Amos Gitai, il regista-architetto
Una conversazione con Amos Gitai. Lo abbiamo incontrato alla British School at Rome, nell’ambito di Meeting Architecture, ciclo di conferenze, mostre-studio e performance realizzato in partnership con il Royal College of Art, a cura di Marina Engel
“Politica, estetica, cinema”, così titolava il flyer dell’appuntamento con il regista israeliano Amos Gitai, tenutosi lo scorso marzo alla British School at Rome. Personalità di spicco della cinematografia internazionale, Gitai è stato celebrato da diverse retrospettive istituzionali, dal Centre Pompidou di Parigi, al NFT e ICA di Londra, dal Lincoln Center di New York fino al Festival di Venezia del 2012 (dove è tornato per l’ultima edizione, nella sezione in concorso, con Ana Arabia).
La storia di questo regista è intrigante quanto particolare: figlio del noto architetto Munio Weinraub – studente della Bahuaus, è egli stesso architetto. Dopo un dottorato alla Berkeley si è concentrato sulla produzione di immagini, prima come documentarista e poi con film di finzione sempre ai limiti della sperimentazione. Nel 2012 ha fondato il primo museo di architettura di Israele, dedicandolo al padre. Contemporaneamente ha scritto e diretto sedici film a tema in cui ha indagato tematiche legate all’architettura, l’urbanistica, la conservazione e la pianificazione, incontrando architetti, sociologi, archeologi, ricercatori culturali e scrittori.
L’approccio di Gitai alla camera è estremamente personale. Sempre impegnato sul sociale ha distillato temi di carattere universale facendoli passare attraverso le esperienze di singoli individui.
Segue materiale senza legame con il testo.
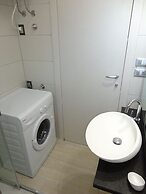 Nice Apartment With Balcony For 6 People - by Beahost Rentals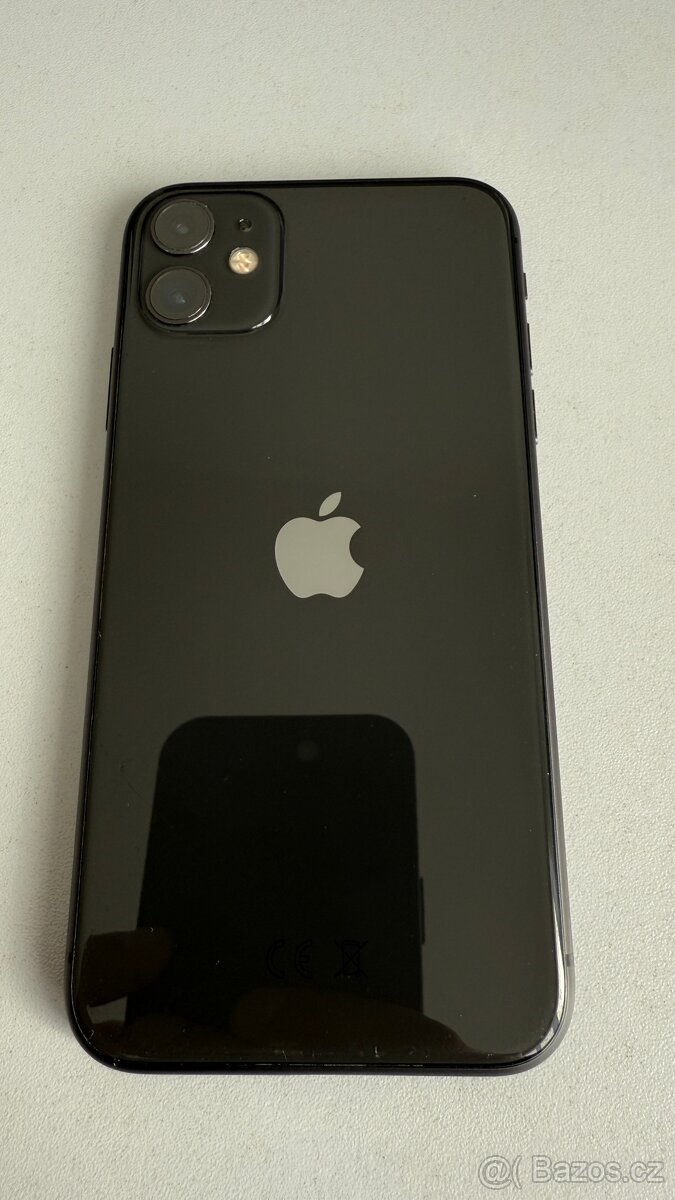 Iphone 11 64gb black 100% baterie a nový display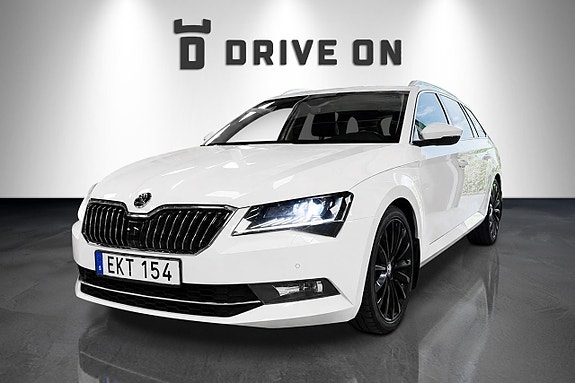 Skoda Superb 2 of 5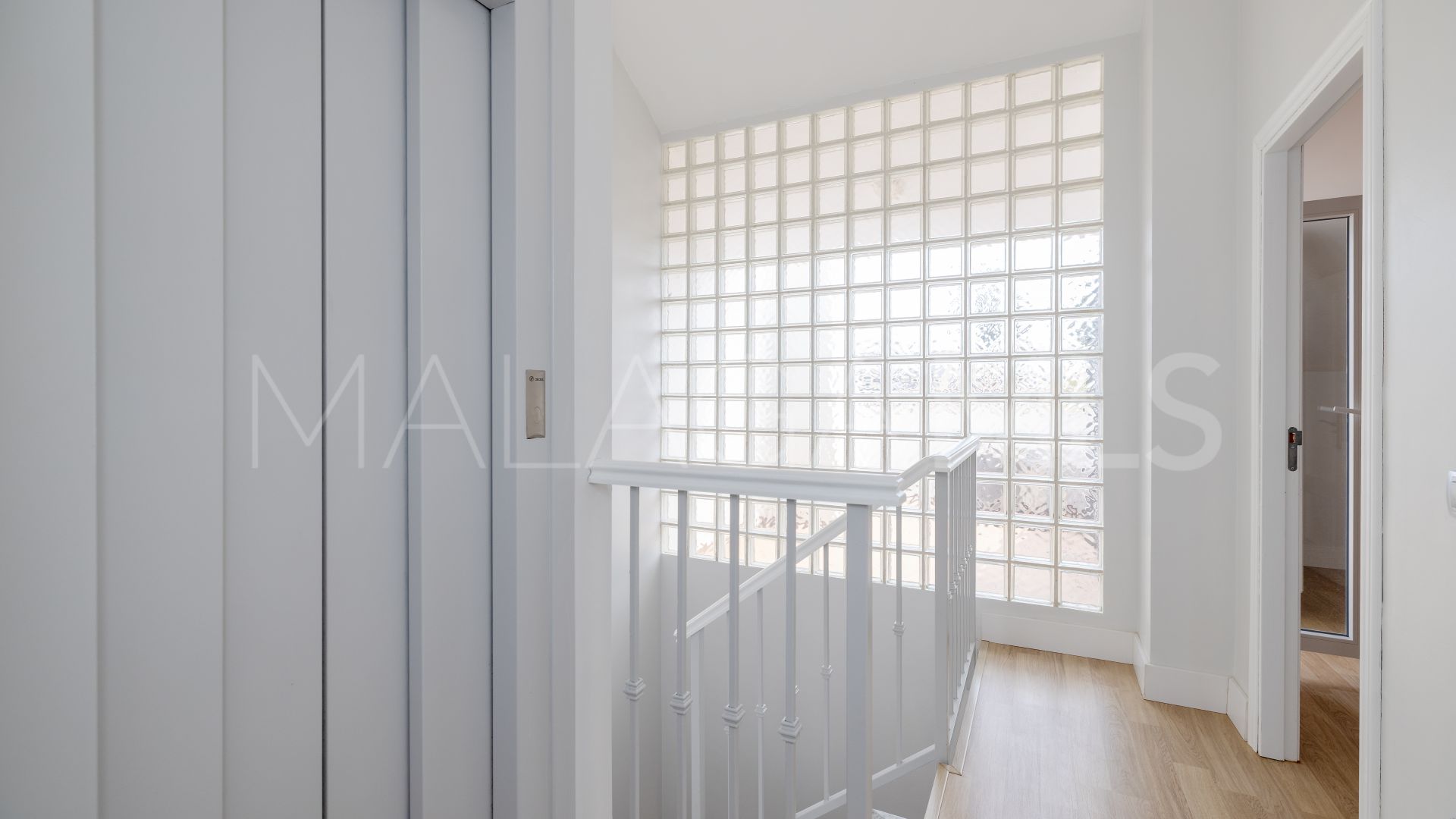 Doppelhaushälfte for sale in Valdeolletas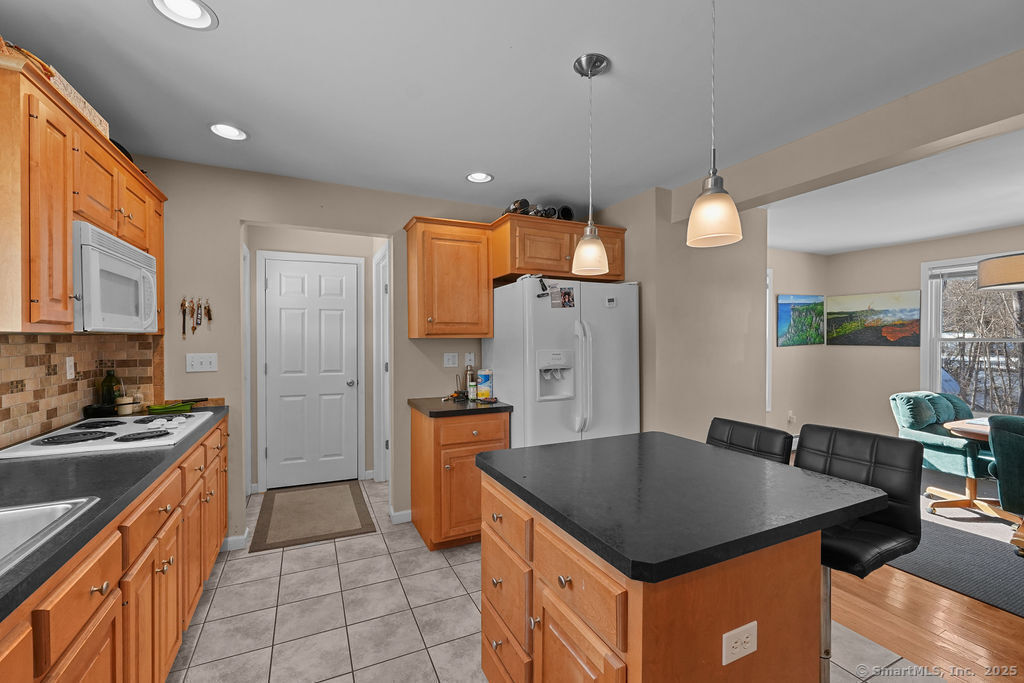 180 Baltic Road, Norwich, Connecticut image 5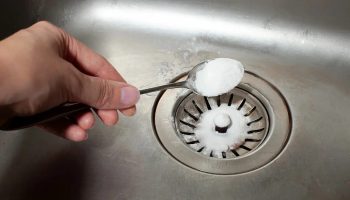 Zahrejte ho a nalejte do drezu. Tuk sa nebude usadzovať v potrubiach, ani po vyprážaní šišiek.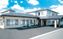 開放的で明るい建物外観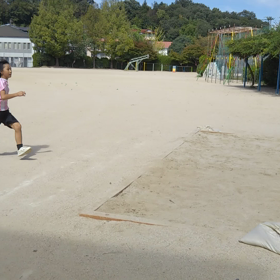 陸上大会の練習の画像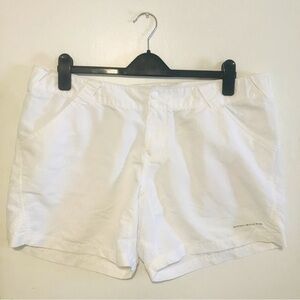 Columbia PFG Omni-Shade White Nylon Performance Shorts Women’s size XL 14 16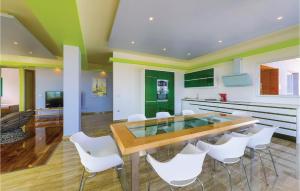 Beautiful Home In Kastel Stari With Jacuzzi 
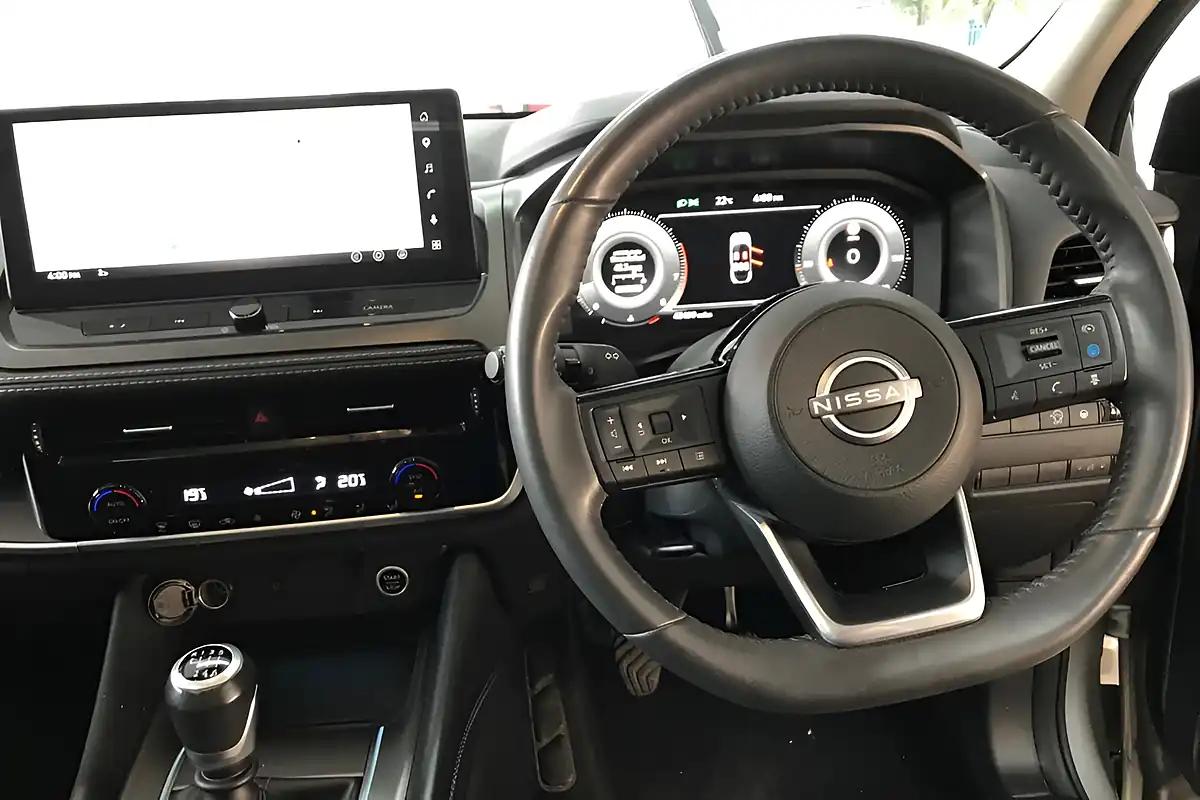 Used 2024 Nissan Qashqai N-Connecta Blade Silver - Interior and Exterior details 2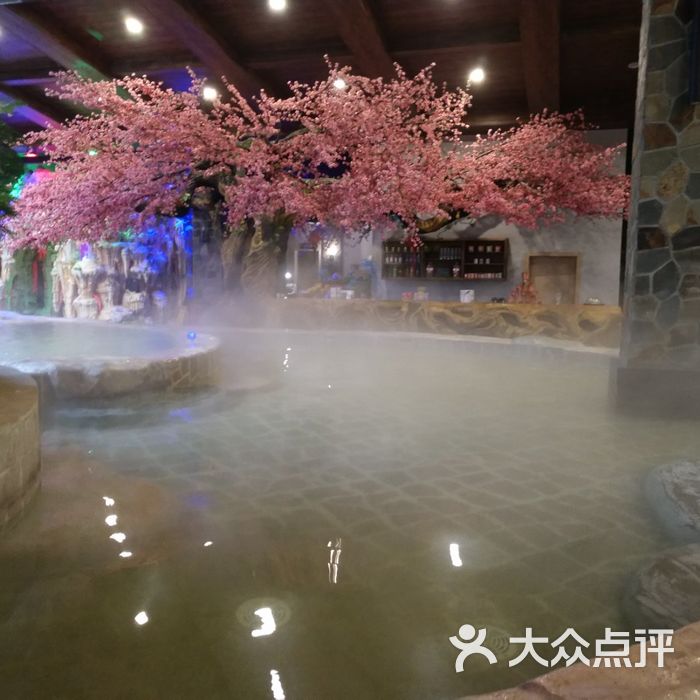 溪溪里温泉洗浴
Ha esplorato la storia attraverso la propria genealogia, portando la sua testimonianza empirica e dividendosi tra intenti razionali e straordinario intuito: il risultato è una maniera di lavorare col cinema che instilla sempre quesiti suggestivi sulla natura dell’uomo, le sue ispirazioni e aspirazioni. Concreto per via della formazione di architetto, ma capace di utopiche e incantatorie astrazioni, Amos Gitai riesce a toccare le profondità dell’animo con la leva inconscia delle immagini e dei suoni. La musica, sempre sofisticata, la direzione degli attori e il montaggio orientato al minimo degli stacchi possibili, sono la sua cifra autoriale distintiva, sempre in bilico tra meta-narrazione e idealizzazione. Nel nostro breve incontro ci ha raccontato il suo mondo, governato dal “potere simbolico delle idee”.